Recuerdo con cierta nostalgia esos días de niño con mis amigos soñando a “construir” algo, por ejemplo, una cabaña en el árbol. Intentamos muchísimas veces hacerlo; primero armar con viejos palés de madera que restaban abandonados en un bosque de pinos mediterráneos cerca a nuestro barrio. Era realmente un trabajo en equipo y un gran reto al mismo tiempo.

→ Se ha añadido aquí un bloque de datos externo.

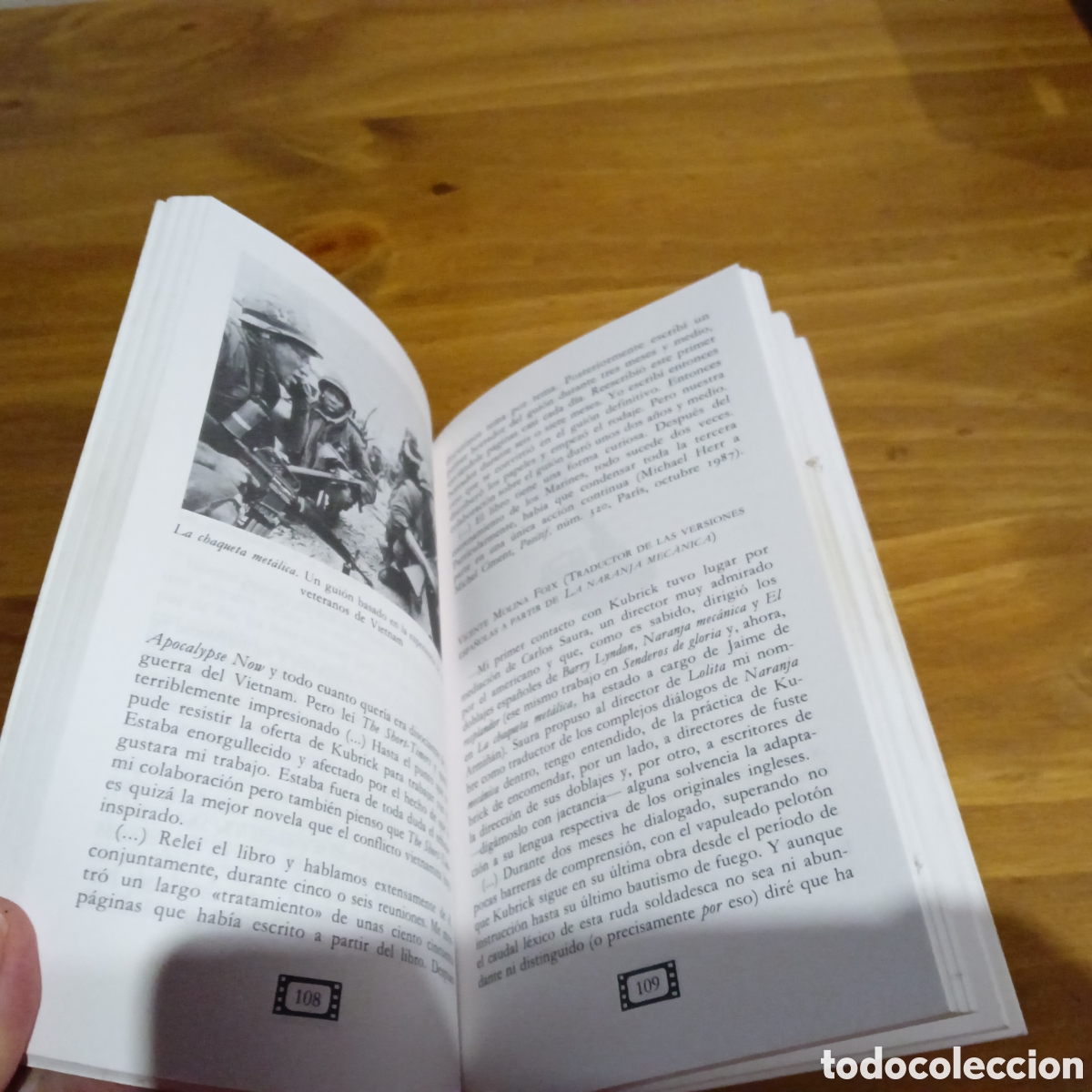 Libros de segunda mano: Stanley kubrick. Catedra - Foto 6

Nunca sabíamos como empezar, donde atar las primeras cuerdas, picar el clavo con la poca fuerza que teníamos, entre otras labores.  Una vez me quedé toda la mañana sólo analizando como bajar de un almendro donde los amigos un poco más mayores que nosotros habían construido una muy buena cabaña. Me salvó un buen amigo que hace tiempo nos dejó;  tampoco existe el almendro de la cabaña. De esa plantación de almendros la constructora no dejó ni uno, lamentablemente. Sólo queda en mi memoria ese paisaje tan bonito cuando los almendros florecían espectaculares en primavera y sobretodo jugar entre ellos, recoger almendras y con una piedra romper su cáscara para buscar su fruto; la almendra más exquisita, el momento más intenso, nunca más comí mejores almendras que esas con mis amigos. Quisiera por unos días, una semana o simplemente una hora rebobinar esa película. En mi pueblo el boom turístico fue tan fuerte, y tan aplastante con la naturaleza, que quizás impulsa en mi el interés por preservar árboles y plantar los que más podamos en las construcciones en ladrillo que hacemos hoy.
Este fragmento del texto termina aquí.